The Dollar plunged against the euro, Japanese Yen and other currencies as investors reduced bets on the greenback on concerns applying to Friday’s U.S. jobs report. The EUR/USD traded at 1.3262. American stocks fell in tandem with a weaker USD, but rebounded to end in positive territory. The Dow Jones added 0.53 % to climb back above the 15.000 level. The Nasdaq gained 0.66 % to 3 424. The changes seemed to be technically driven by psychological factors.
A poll amongst economists expects 170 000 new jobs could've been added to the U.S. economy in May, with an unemployment rate of 7.5 %. However, fear of a weaker than expected job report prompted investors to unwind bets on a Dollar that had been profitable for months. Gold prices, which have been under strong pressure for months, suddenly rose 1 percent to USD 1412 an ounce as investors sold long positions on the Dollar.
The Euro gained after the European Central Bank left interest rates unchanged. Mario Draghi, stated that further monetary support was unlikely in the near future. The ECB has kept interest rates at a record low of 0,5 % waiting for a turnaround in the eurozone. The Bank of England also chose to leave its loose monetary policy unchanged. The GBP jumped against the Dollar at 1,5612, gaining substantially in recent days from low 1.51 levels.

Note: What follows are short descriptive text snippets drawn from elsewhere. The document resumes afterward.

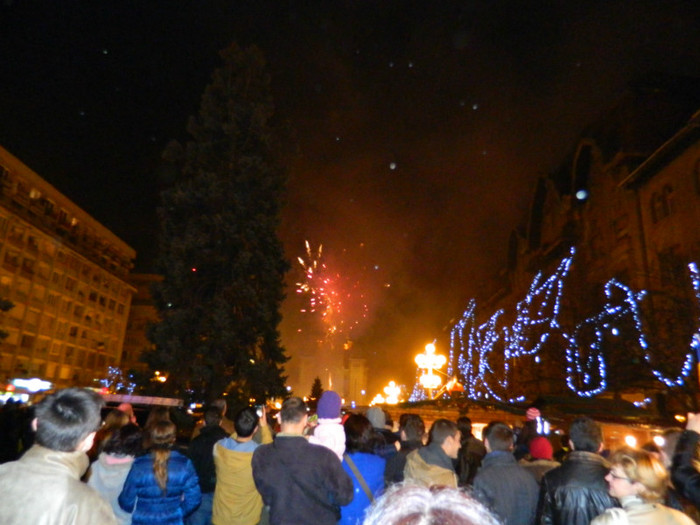 DSCN3071 - 1 DECEMBRIE 2012 TIMISOARA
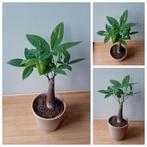 Bonsai kamerplant pachira 25cm incl pot, Ophalen, Overige soorten, Halfschaduw, In pot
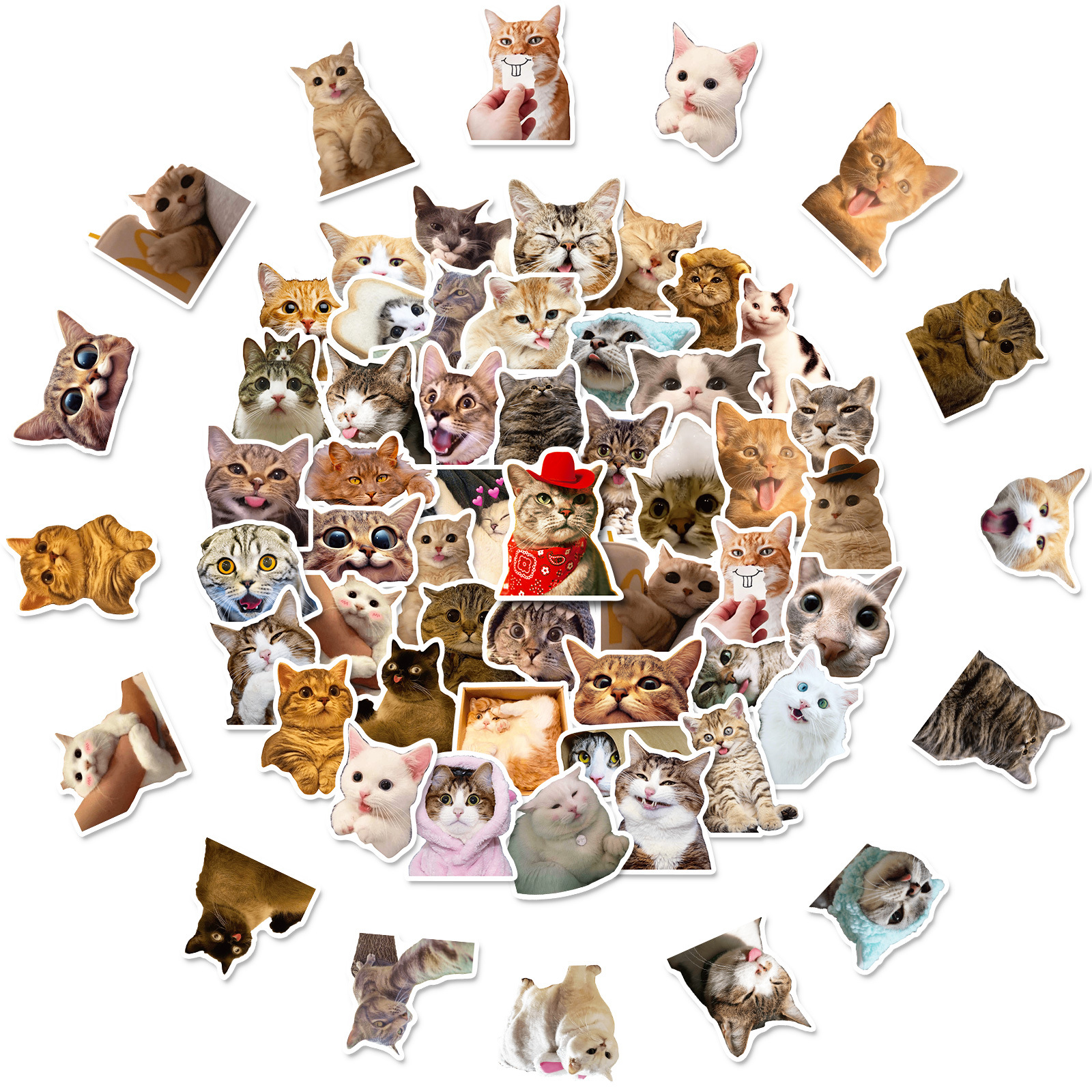 Kawaii Cat Sticker Pack 50Pcs Pack - Waterproof Kawaii Cat Decals For ...
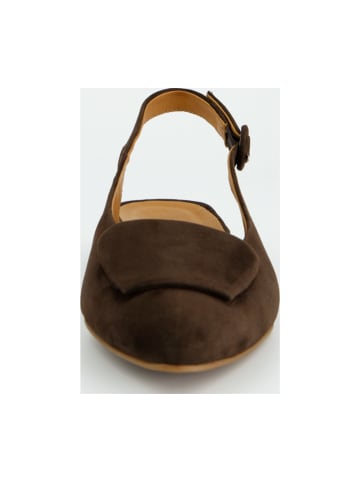 Paul Green Ballerinas in Braun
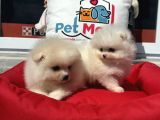 Show Kalite Kore Mini Pomeranian Boo Yavrularımız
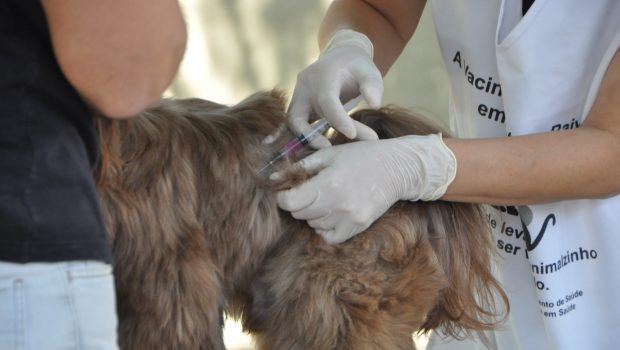 ENCERRADA A CAMPANHA DE VACINAÇÃO CONTRA A RAIVA NO MUNICÍPIO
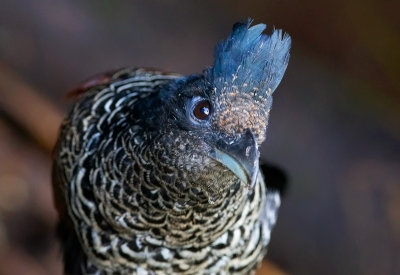 Banded Ground Cuckoo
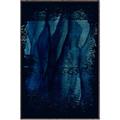 Picture of Midnight Reverie II _GroupedProduct_Rectangle_Portrait_Canvas_Framed_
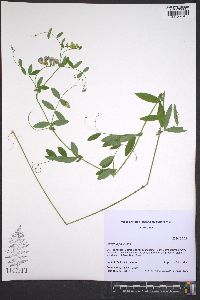 Lathyrus palustris image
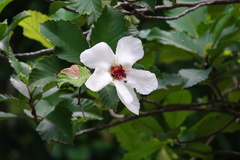 Dillenia philippinensis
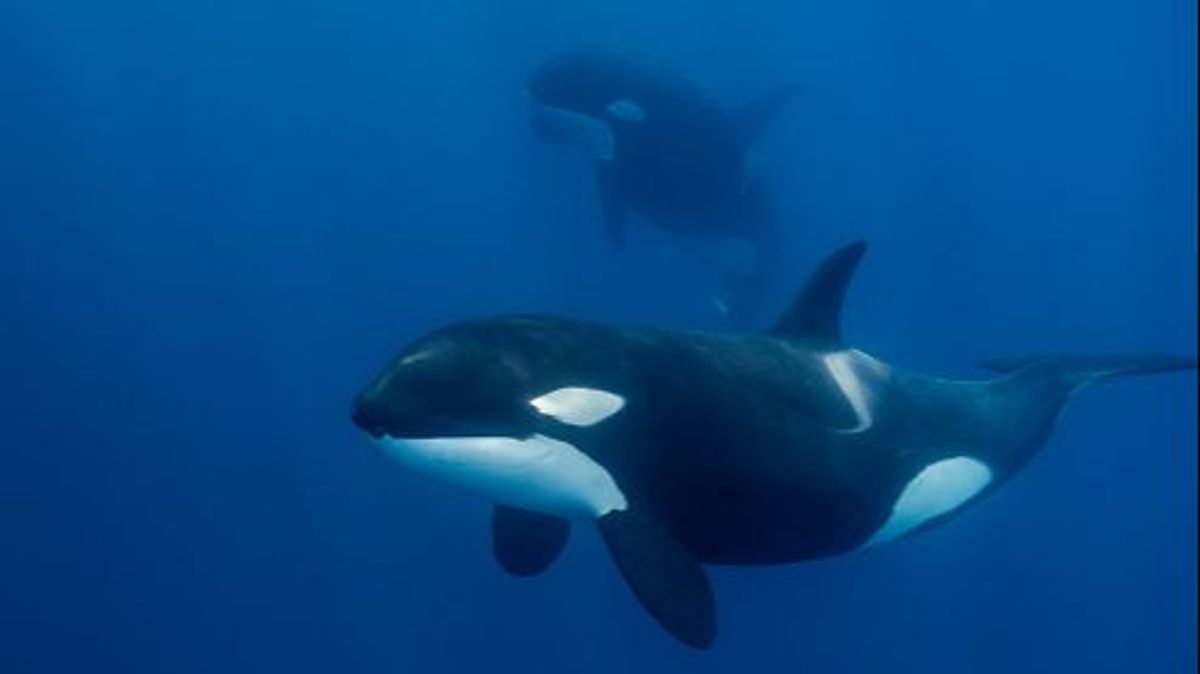 La población de tiburones blancos ha disminuido considerablemente en aguas de Sudáfrica por la presión de las orcas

Concerns that the key U.S. job data will prove disappointing sent the Japanese Nikkei into bear territory in Asia Friday morning. The Nikkei plunged 1.9 % to a two month low. The Nikkei has lost 20 % from a five-and-half-year high, just two weeks ago. Other Asian stocks failed to capitalize on overnight gains on Wall Street. The Asian Pacific MSCI-index fell 0.6 % to its lowest level since November. The fall in equities seem to indicate a stronger appetite among investors for safe haven bonds. The yield on U.S., German and Japanese bonds has risen recently.
Oil prices are higher on the back of a weaker Dollar. Brent crude trades close to USD 104 a barrel, up from the USD 100 mark earlier in the week.